127 Mr R. G. Casey, Minister to the United States, to Department of External Affairs

Cablegram 269 WASHINGTON, 19 September 1940, 8 p.m.

IMMEDIATE MOST SECRET

Mission from Indo-China has been here lately endeavouring to get aircraft 80 fighters 32 bombers and 10 training aircraft. United States has none available at Philippines. Berle [1] asked me today if I thought Australia would be able to supply even 15 or 20. I said general election would inevitably delay consideration of matters of such high political consequence and that I believed Australian Government would hesitate to take such action which Japanese might well consider bellicose.

However Berle asked if I would inquire and said even old planes of either British or American types would do, and that the United States would replace them as soon as possible.

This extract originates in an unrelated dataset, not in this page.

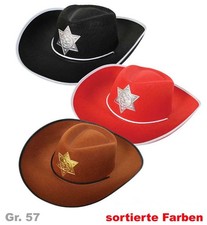 Cowboyhut Cowboy Hut Gr. 57 Westernhut Sheriff Wilder Westen Fasching 123824013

I reminded him of shortage of aircraft in Australia and that in any case Australian pilots could not deliver for obvious reasons.

Berle believes moral and material help that even relatively small number of aircraft [could give] might tip the balance and result in French in Indo-China offering resistance to Japanese.

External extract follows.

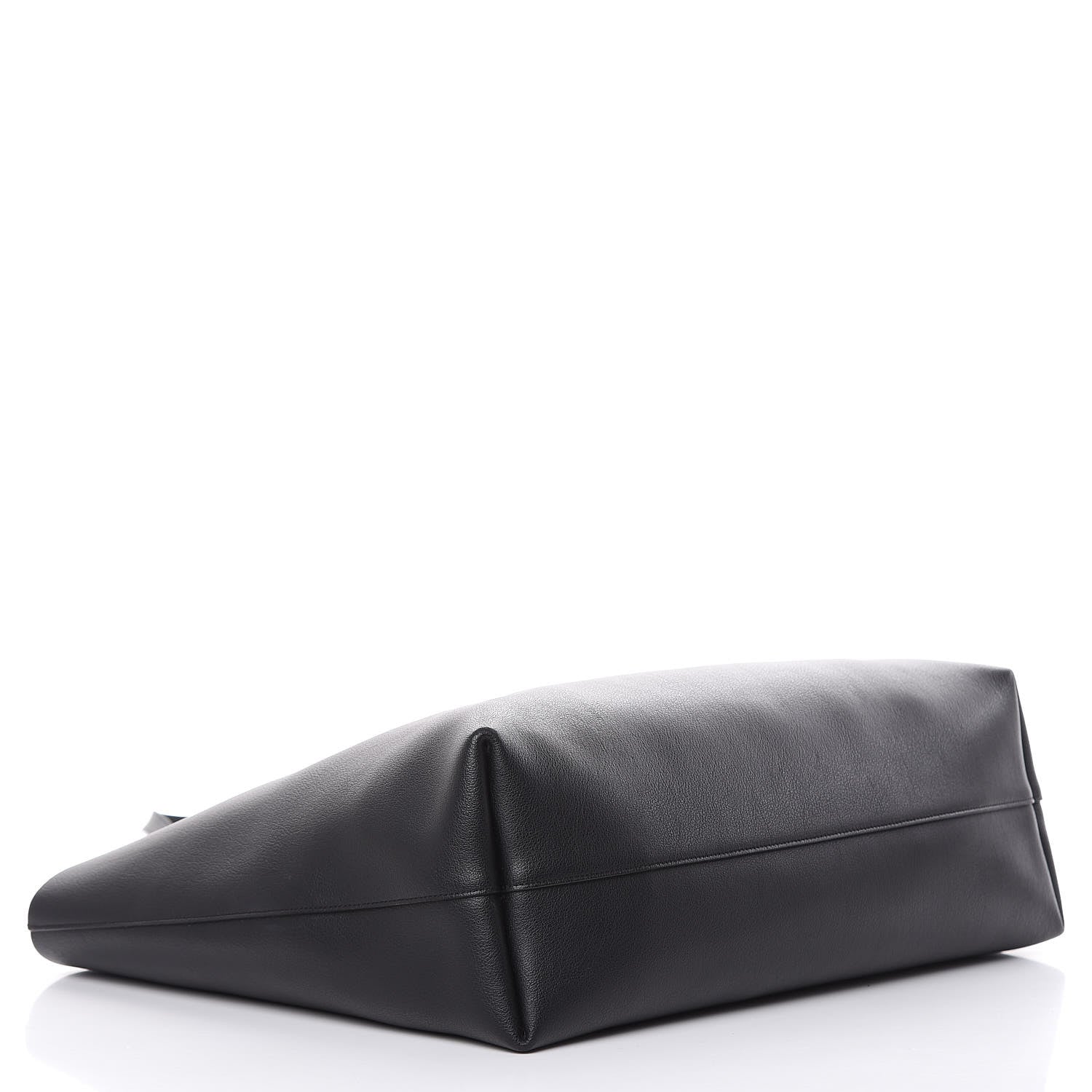 Saint Laurent Calfskin Large Shopping Tote Black 5 of 13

However, my own impression of situation is that Vichy has in fact capitulated in face of Japanese demands and that it is too late to try to organize resistance.

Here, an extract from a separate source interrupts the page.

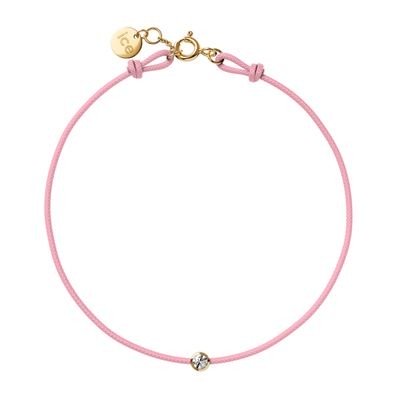 ICE-Jewellery-Diamond bracelet-Cord-Light pink KID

For reasons you will appreciate I thought it best not to turn down at once this suggestion for co-operation but glad if you send me reasoned reply which I can pass on to him. [2]

CASEY

1 U.S. Assistant Secretary of State.

2 The External Affairs Dept replied on 27 September: 'Can be definitely said that no service types or service training types of aircraft can be made available from Australian resources for allotment to Indo-China at present or in near future.' See cablegram 186 on file AA:A981, Indo-China 4.